Many connections shared their thoughts and they serve as illustrations and support.
Thank you to my friends, colleagues, and alums Asad Azam, Sarah Corbin,Renee Hogan, Matt Kusek, Lorena Nunez, Gabe Perez, Janelle Wazorick for their awe-inspiring input.
Some of their wisdom:
Gabe Perez affirmed that the key is to look at yourself and not blame others. Jake Leganski knows that the key is to stay in control.
Janelle Wazorick and Renee Hogan know that the key is to learn and grow from misfortune, even if someone calls it a failure.
Lorena Nunez and Sarah Corbin recognizes that factors might be beyond our control. Don’t we all know somebody who lost their job due to an acquisition or downsizing or change in management?
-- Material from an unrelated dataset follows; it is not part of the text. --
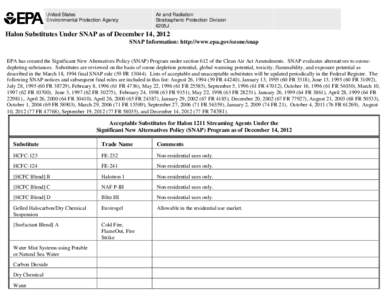 United States Environmental Protection Agency Air and Radiation Stratospheric Protection Division 6205J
Sarah and Asad Azam recognize the opportunity that come from this disruption. Embrace it. Matt Kusek knows that it might simply be a bad fit. And that means that all parties involved need to be separated.
That was certainly the case with me losing my job. Sometimes it’s deserved, sure. Companies have rules and cultures and if somebody violates these, often they’re given the ax.
But very often it’s just a bad fit. Be glad it happened and look for a better fit, for your career and your sanity. That’s called staying in control, as best you can.